In October 1946, an injured 63-foot black whale

In October 1946, an injured 63-foot black whale beached itself on the shores of Halesite. Credit: Newsday / Edna Murray

It was a whale of a sight.

In October 1946, an injured 63-foot black whale beached itself on the shores of Halesite.

To commemorate the event — an Oct. 22, 1946, Newsday story dubbed it “the Hullabaloo in Halesite” — town officials will unveil a plaque this week near the site.

The whale was such a sensation that schools across Suffolk County — and even some from Nassau County — closed for the day so that students could take a look, according to news articles from the time.

They were joined by hundreds, possibly thousands, of people, all coming to the tiny Huntington community to see the injured mammal, the reports said.

The whale’s visit was announced on the radio. One teacher conducted an impromptu science lesson from the water as the whale lay dying.

“It’s nice to tell a feel-good story now and then,” town historian Robert C. Hughes said. “Not everything in history is a momentous event or a tragedy — there are some fun stories where people have memories they want to share.”

The unveiling of the plaque, which was paid for with private donations, will be at 11 a.m.
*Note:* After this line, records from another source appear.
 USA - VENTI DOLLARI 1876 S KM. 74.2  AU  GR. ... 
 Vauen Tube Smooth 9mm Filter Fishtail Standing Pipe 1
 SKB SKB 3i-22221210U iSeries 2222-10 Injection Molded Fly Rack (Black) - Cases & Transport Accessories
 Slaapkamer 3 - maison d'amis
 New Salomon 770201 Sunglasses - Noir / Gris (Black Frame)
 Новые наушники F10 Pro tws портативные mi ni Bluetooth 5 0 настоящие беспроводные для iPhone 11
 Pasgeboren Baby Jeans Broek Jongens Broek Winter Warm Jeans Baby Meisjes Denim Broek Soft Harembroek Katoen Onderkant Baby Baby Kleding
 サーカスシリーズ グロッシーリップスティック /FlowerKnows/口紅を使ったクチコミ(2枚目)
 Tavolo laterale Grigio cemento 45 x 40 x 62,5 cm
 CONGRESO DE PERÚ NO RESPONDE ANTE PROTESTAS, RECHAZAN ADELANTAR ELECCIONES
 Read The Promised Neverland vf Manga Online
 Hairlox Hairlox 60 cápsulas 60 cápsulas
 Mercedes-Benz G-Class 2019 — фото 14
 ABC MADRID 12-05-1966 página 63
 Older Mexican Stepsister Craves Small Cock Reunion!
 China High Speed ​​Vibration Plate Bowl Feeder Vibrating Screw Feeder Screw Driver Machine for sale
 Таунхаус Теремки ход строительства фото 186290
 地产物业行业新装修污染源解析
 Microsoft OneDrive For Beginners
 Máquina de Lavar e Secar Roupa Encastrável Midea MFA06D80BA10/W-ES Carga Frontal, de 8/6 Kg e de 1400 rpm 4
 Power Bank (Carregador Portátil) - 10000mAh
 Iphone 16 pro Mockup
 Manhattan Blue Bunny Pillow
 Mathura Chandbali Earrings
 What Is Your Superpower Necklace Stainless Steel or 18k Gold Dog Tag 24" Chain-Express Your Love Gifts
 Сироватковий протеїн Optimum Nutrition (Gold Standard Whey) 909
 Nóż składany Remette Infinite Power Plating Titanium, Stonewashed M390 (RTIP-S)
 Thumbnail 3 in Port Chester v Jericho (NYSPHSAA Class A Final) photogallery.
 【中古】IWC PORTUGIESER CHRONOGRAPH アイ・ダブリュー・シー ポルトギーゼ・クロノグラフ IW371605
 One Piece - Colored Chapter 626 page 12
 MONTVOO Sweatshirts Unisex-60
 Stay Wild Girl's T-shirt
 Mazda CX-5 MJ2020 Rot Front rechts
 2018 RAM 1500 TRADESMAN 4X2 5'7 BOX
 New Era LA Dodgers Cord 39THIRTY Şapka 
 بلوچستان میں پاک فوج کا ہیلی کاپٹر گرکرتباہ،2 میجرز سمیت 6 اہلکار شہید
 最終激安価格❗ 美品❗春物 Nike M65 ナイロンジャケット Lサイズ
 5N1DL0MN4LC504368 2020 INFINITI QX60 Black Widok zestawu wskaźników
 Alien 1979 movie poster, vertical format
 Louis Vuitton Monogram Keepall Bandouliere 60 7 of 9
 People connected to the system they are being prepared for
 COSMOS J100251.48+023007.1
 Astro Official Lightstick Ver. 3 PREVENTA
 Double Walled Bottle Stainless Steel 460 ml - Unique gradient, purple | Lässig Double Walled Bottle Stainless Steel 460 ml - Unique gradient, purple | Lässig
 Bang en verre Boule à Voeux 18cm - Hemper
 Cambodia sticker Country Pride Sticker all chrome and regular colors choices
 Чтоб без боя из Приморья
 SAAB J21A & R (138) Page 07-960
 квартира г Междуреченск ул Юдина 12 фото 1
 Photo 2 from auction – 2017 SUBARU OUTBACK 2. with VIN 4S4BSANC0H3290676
Saturday at the Halesite marina behind the Halesite firehouse at 1 New York Ave.

Huntington Station resident Anthony Mastroianni, 86, was a sophomore at Huntington High School when he heard a classmate yell down the hall, “There’s a whale in the harbor!”

That set off an exodus of students, he said.

“This was something new and very exciting,” Mastroianni said. “We heard about whales, but to see a whale over 60 feet long on the beach was incredible.”

Mastroianni said it was a significant event in Huntington history.

“This is the only thing that excited the people of Huntington because of something that happened in Huntington — not a school, not the town, nothing political,” Mastroianni said. “This was a happening.”

Hughes agreed.

“What’s remarkable is that 70 years later, the people who were there still remember it and still think it was the most fantastic event ever,” he said.